Preemptive tax would go into effect if state measure to legalize recreational use passed in November


Following in the footsteps of cities like Wilsonville and Lake Oswego, the West Linn City Council voted unanimously to approve a tax on future marijuana sales in a special meeting Oct. 1.

West Linn Ordinance 1631 establishes sales taxes of 5 percent for medical marijuana and 10 percent for recreational use. The taxes would go into effect only if Oregon voters pass Measure 91 to legalize recreational marijuana use in the November election.

If passed, Measure 91 would establish a statewide tax on marijuana sales while also prohibiting local governments from implementing their own taxes after the fact. Thus, while West Linn could repeal its local tax at any time, the city would not have the ability to implement a tax after the measure passes.

As City Manager Chris Jordan wrote in a memo, the city does not expect to generate large revenues from the tax — rather, it will be used to prevent West Linn from becoming a “tax free haven for marijuana sellers and distributors.”

West Linn’s tax would be levied quarterly on any marijuana sellers within city limits, allowing the city to audit the sales of any marijuana distributor. The taxes would ultimately fall into West Linn’s general fund.

“I’d love to see (the money) used for drug abuse education or prevention,” City Councilor Mike Jones said.

Surrounding cities like Lake Oswego and Tigard have also approved taxes of 5 percent and 10 percent for medical and recreational marijuana sales. West Linn City Councilor Thomas Frank suggested that West Linn’s rates be slightly higher than surrounding cities.

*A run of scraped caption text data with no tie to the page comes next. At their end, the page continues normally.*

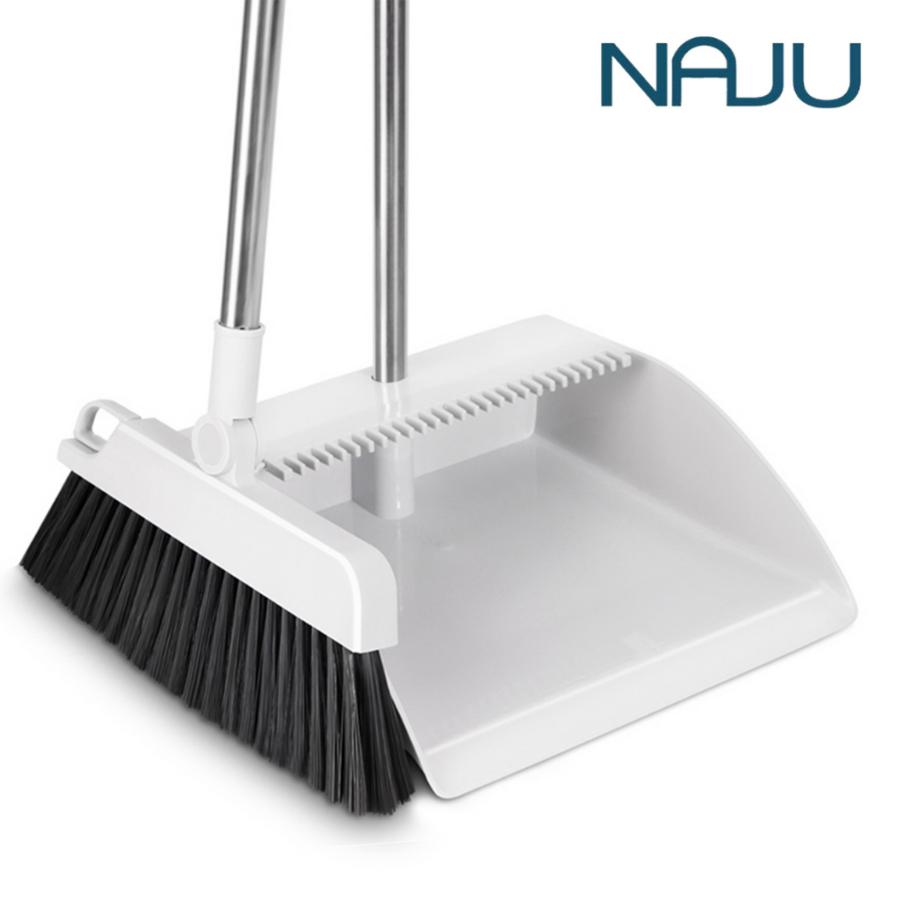 Naju ไม้กวาด ชุดไม้กวาด ไม้กวาดพร้อมที่ตักขยะ broom มีหวีแปรงฝุ่นให้ ขนแปรงอ่อนนุ่ม ทำความสะอาดง่าย
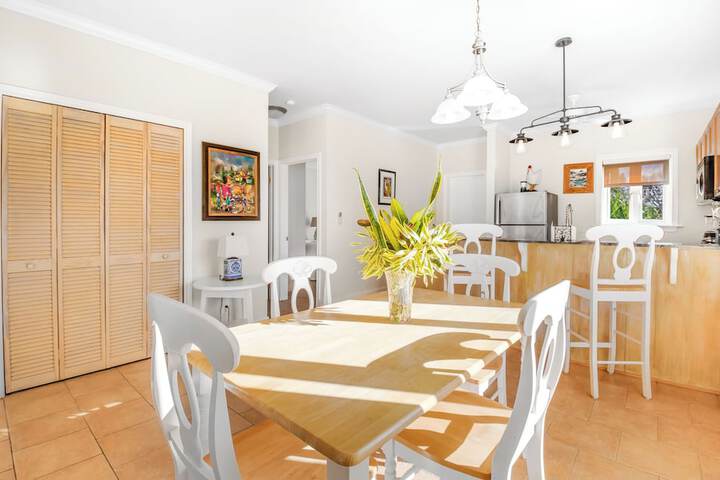 Dining Photos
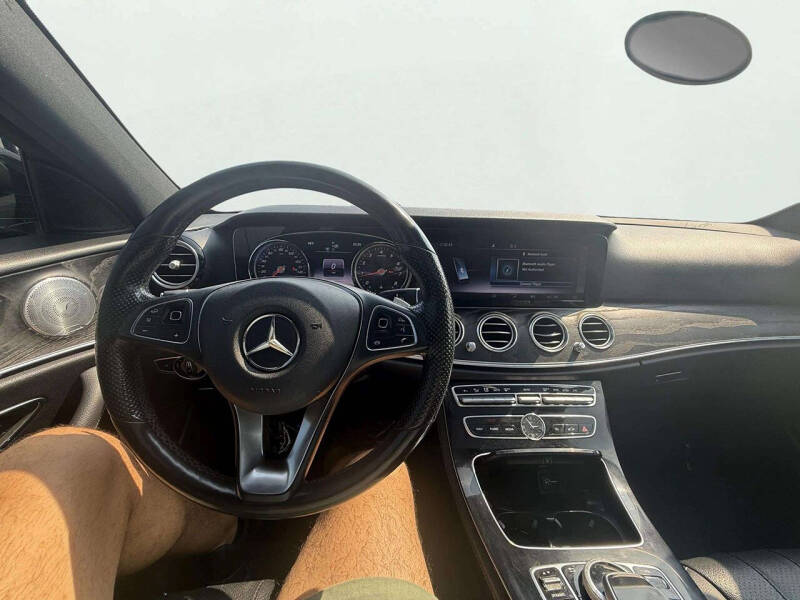 2017 Mercedes-Benz E-Class E 300 4MATIC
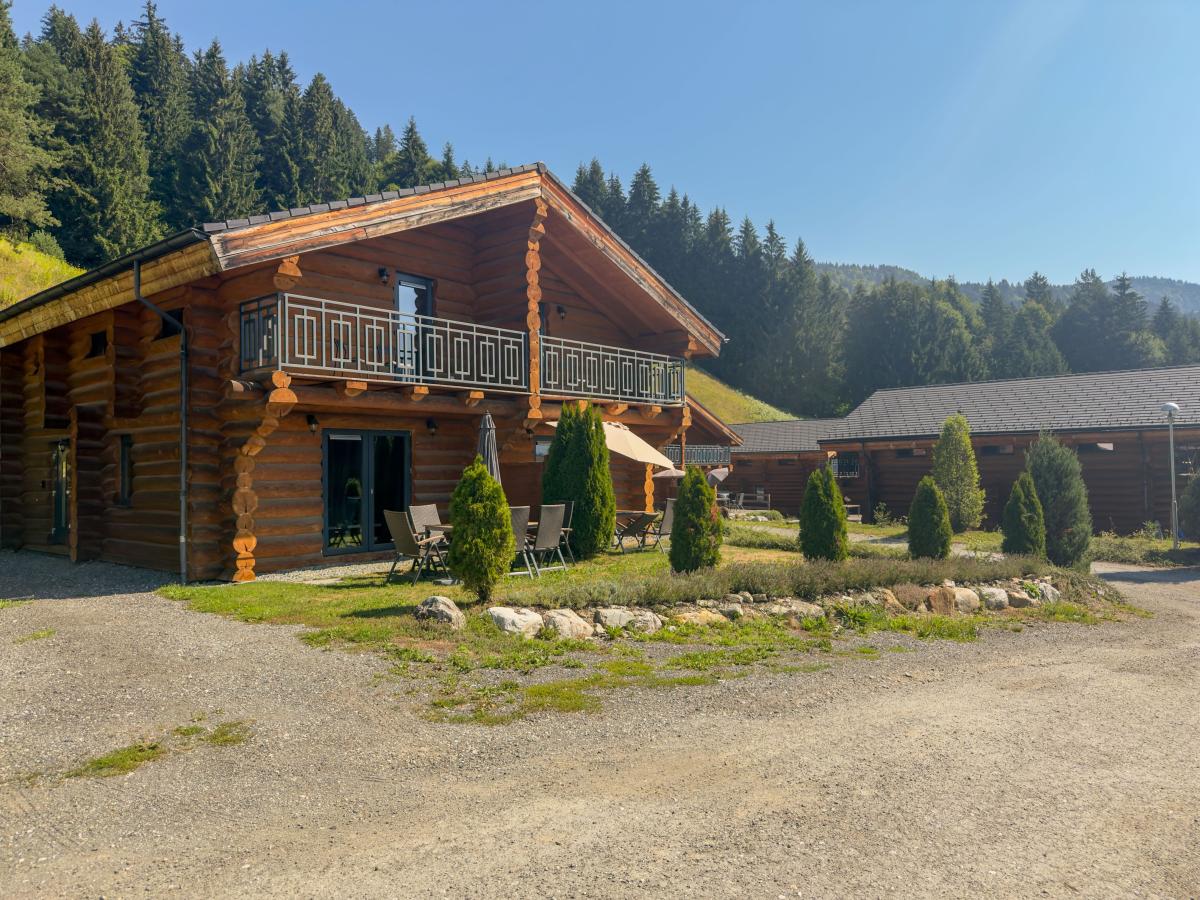 Exterior Summer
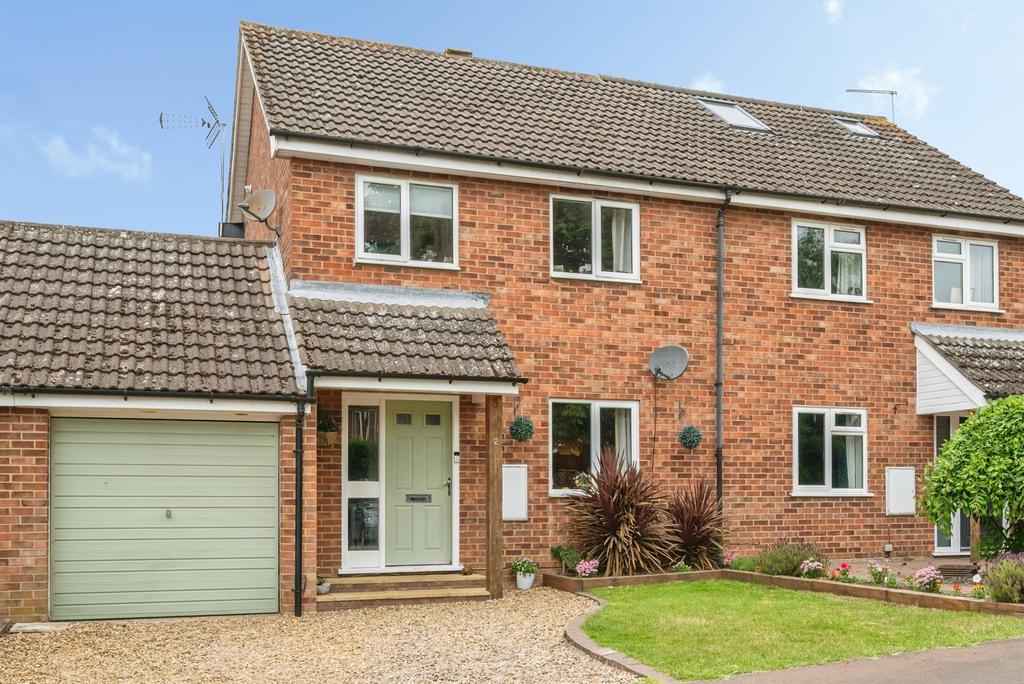 3 bedroom semi-detached house for sale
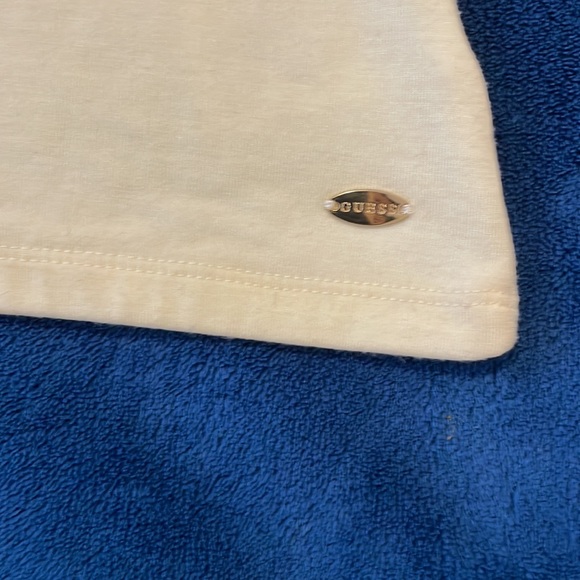 Cream Guess top - Picture 2 of 5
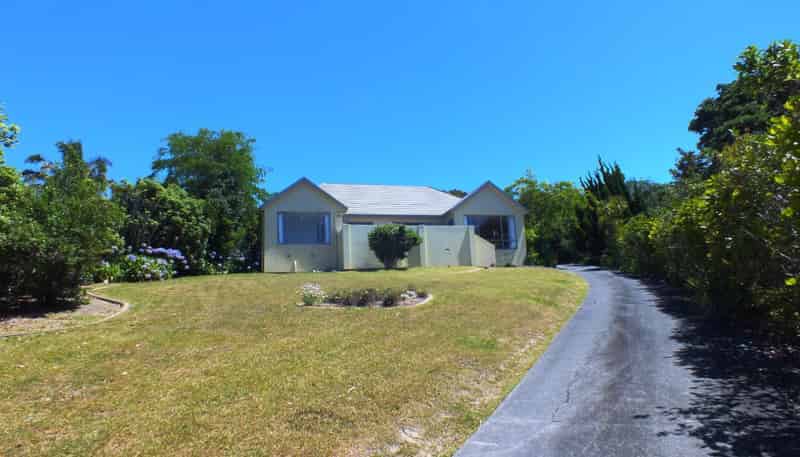 2 Gulf Harbour Drive, Gulf Harbour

The Wilsonville City Council, for instance, recently approved a 12 percent tax on recreational marijuana and a 7.5 percent tax on medical pot.

“We’re already called the weed capital of Oregon, for better or worse,” Frank said. “I’d rather not — as a community value — have these (dispensary) facilities in our boundaries.”

Ultimately, the City Council voted to keep the taxes at 5 percent and 10 percent.

“Anyone looking to litigate someone with regards to the tax ... will go for someone with the highest tax,” Jones said. “Other cities are all 5 and 10 (percent), or 0 and 10. I don’t disagree in theory, but if we’re being reasonable we should be consistent with the community.”

A SurveyUSA poll conducted in June showed tepid support for statewide marijuana legalization, as 51 percent of the 560 likely voters said they would support such a measure while 41 percent opposed and 8 percent said they were “not sure.” Support for legalization was strongest in the 18 to 34 demographic (70 percent), and dropped to 34 percent among those 65 and older.